An American friend was chatting to one of his countrymen, who said that they liked living in Geneva, but ‘You just can’t get orange cheese!’
Cheese capital of the world Switzerland does not sell orange cheese in a spray can.
For expats this is one of the biggest gripes – that some favourite food stuffs are just not available in the host country. Which is why the American/British food stores thrive in Switzerland and elsewhere in Europe. It is the taste of home, the comfort food that we crave, no matter how good the food here is.
I have been an expat for 18 years – it was my expat Anniversary on 3rd September. When I first moved to Germany I would spend time, money and effort sourcing British food. I was delighted when Marks & Spencer opened stores in Cologne and later in Frankfurt. We would drive to Frankfurt several times a year and stock up on baked beans, tea bags, Chicken Korma with Naan bread, “real” bread and all the goodies that we could not buy in Germany.

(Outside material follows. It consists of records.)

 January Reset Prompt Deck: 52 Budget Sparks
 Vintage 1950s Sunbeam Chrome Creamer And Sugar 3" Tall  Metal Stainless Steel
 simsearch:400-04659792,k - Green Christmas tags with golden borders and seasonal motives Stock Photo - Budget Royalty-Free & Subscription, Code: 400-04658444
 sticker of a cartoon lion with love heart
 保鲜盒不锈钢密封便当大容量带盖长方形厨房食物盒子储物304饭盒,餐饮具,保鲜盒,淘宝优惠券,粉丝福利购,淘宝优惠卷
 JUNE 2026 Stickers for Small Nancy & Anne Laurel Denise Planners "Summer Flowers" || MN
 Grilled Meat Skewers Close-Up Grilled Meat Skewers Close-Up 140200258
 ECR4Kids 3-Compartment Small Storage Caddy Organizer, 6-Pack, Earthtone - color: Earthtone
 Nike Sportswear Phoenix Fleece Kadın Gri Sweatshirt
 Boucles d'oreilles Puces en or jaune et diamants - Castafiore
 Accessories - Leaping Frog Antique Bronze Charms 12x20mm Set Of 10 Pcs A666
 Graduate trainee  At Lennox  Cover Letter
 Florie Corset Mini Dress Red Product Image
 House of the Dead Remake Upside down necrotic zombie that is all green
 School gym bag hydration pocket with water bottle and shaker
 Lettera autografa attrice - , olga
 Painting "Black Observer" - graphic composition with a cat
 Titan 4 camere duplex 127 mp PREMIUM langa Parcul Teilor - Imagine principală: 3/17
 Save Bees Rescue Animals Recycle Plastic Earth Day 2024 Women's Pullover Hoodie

When M&S pulled out of Germany a couple of years later, I was devastated and resorted to filling every nook and cranny of the car when we went to Scotland on holiday. I recall having tins of beans around the spare wheel.
Slowly but surely though, I began to find decent alternatives. Heinz Baked Beans were available in the German supermarkets – expensive compared to UK but not worth weighing the car down with them. I could live without white loaves and bacon, and was happy to wait until we visited Scotland, eat all the food that we miss here but not want to import it.
I found that by using German or French recipes that it is much easier to source the ingredients, and that I do not crave the food from home so much. Aside from Tunnock Caramel Wafers, of course.
When we moved to Geneva, I found that I could buy Self-Raising Flour in France (Farine de Gateaux, if you are looking for it) and baking powder that actually makes cakes rise. The Dr Oetker baking powder sold in Germany and Switzerland is a one-rise baking agent. The British baking powder is similar to American baking powder and is a two-rise baking agent. This is why the German and Swiss cakes are denser than the British. It is all but impossible to make a decent Victoria Sponge without the right baking powder.
Being able to bake meant that I could make the specialty breads and cakes that are not available here, such as Soda Bread, Scones, Hot Cross Buns. With the French Levure Chimique. my scones rise in the oven, cakes are light and fluffy and all is well in the world. Nothing like good cake to make one feel better when homesickness strikes.
I do understand the wailing of the Americans not able to buy orange cheese in a spray can. Being the inquisitive person I am, I asked my husband to bring me back a can when was in America this summer.
And how did it taste? Not as bad as I thought it would. It does contain real cheese, after all. It was a bit bland (perhaps we should have tried the Sharp Cheddar) and not particularly cheesey. The fact that refrigeration is not required did put me off a bit, as it shows how processed and full of preservatives the cheese must be.
Would I miss it if I could not buy it? Absolutely not, in fact it is languishing in the fridge right now.
Can I understand why Americans miss it? Yes, I can. Americans would probably shake their heads in bemusement a the Scots abroad with their Irn Bru and Sliced Sausage, not to mention Haggis and White Pudding. A taste of home is cheaper than a flight home and staves off the homesickness for a little while.
PS. Any Americans in Geneva area who would like a can of Orange Cheese?